Form 1116 FAQ
Kirsten Simmons avatar
Written by Kirsten Simmons
Updated over a week ago

Q: I paid $3,235 in foreign taxes. Form 1116 shows $3,005 of that amount as "disallowed" and $230 as utilized. Could you please explain this?

A: When a taxpayer excludes all or part of his income using Form 2555 (Foreign Earned Income Exclusion), the amount of foreign tax subject to credits is reduced, too. The instructions for Form 1116 read:

"Reduce taxes paid or accrued by the taxes allocable to any foreign earned income excluded on Form 2555 or Form 2555-EZ."

In other words, you cannot exclude foreign income and then use the taxes paid on this income as a credit. The portion of the income attributable to the excluded income is "disallowed," and the remaining foreign tax is applied to calculate the credit toward U.S. tax.

Q: Why does Form 1116 appear twice on my tax declaration, accompanied by different numbers? If the credits shown on both forms are applied, the amount in credits from foreign taxes will equal $20,000 instead of $10,000, meaning the total amount I was liable for in 2010 would be $0 rather than $7,000. What gives?

A: The first Form 1116 is the Foreign Tax Credit Form.
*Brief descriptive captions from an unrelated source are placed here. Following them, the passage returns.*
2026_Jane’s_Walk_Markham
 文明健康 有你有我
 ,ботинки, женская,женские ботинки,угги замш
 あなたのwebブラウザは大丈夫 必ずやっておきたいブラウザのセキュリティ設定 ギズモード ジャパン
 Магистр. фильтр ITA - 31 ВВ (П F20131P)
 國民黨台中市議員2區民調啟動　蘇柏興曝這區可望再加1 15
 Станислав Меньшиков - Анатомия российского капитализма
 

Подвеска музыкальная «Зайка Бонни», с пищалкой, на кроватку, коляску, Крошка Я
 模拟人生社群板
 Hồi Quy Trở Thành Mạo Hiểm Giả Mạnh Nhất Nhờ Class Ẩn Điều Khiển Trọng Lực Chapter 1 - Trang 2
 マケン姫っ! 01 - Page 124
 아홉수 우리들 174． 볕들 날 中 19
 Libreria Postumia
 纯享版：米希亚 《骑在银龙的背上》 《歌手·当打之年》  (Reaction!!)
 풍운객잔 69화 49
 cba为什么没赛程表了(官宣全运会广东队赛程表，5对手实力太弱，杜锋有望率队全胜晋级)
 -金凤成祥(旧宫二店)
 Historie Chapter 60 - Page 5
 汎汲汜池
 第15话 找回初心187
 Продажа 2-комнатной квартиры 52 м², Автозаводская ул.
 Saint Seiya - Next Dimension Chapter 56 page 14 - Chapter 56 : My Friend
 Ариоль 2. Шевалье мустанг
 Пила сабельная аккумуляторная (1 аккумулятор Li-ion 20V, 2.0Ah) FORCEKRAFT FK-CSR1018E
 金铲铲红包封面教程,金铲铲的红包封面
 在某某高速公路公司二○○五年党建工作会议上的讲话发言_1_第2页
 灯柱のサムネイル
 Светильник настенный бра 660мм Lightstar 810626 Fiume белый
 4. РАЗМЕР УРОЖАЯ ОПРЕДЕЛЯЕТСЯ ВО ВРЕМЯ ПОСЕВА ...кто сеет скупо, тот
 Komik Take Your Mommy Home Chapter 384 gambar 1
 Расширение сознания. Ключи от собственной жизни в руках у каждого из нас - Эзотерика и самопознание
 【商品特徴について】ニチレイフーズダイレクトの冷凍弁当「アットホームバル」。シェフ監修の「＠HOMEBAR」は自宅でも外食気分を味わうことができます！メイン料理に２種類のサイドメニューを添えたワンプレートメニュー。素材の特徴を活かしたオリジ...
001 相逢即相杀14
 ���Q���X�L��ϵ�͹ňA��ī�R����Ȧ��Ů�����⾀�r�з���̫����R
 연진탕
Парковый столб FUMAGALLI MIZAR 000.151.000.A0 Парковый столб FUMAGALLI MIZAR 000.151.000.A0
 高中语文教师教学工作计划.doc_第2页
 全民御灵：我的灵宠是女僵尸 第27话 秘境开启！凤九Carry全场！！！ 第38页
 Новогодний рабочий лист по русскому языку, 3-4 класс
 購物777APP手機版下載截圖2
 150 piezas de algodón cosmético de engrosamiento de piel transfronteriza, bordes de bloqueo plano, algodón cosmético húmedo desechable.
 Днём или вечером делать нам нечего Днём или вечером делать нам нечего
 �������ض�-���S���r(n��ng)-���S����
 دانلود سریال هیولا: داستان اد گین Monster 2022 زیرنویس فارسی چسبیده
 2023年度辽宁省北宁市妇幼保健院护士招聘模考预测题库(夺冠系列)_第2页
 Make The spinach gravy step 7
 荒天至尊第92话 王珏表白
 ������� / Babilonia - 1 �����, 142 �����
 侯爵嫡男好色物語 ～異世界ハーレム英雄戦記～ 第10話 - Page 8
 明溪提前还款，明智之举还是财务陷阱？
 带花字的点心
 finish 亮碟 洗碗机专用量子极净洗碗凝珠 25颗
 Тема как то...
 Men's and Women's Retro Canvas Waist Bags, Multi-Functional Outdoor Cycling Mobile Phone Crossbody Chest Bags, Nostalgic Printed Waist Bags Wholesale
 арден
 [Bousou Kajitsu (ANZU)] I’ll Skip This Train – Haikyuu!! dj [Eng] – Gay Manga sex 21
The second Form 1116 is Alternative Minimum Tax Foreign Tax Credit (indicated above the form name). The first form calculates the allowed amount of foreign tax credit. The second form calculates the Foreign Tax Credit for AMT (Alternative Minimum Tax). Taxpayers from countries with high tax brackets who owe no U.S. taxes may still owe the AMT. Therefore, calculating the AMT credit is essential to reduce the amount owed in AMT.

 Important note: this is not an additional tax credit. This is an alternative tax credit applied to adjust the Alternative Minimum Tax. This form is essential for saving every dollar possible on the AMT in future years. Whatsmore, the IRS requires that it be filed.

Did this answer your question?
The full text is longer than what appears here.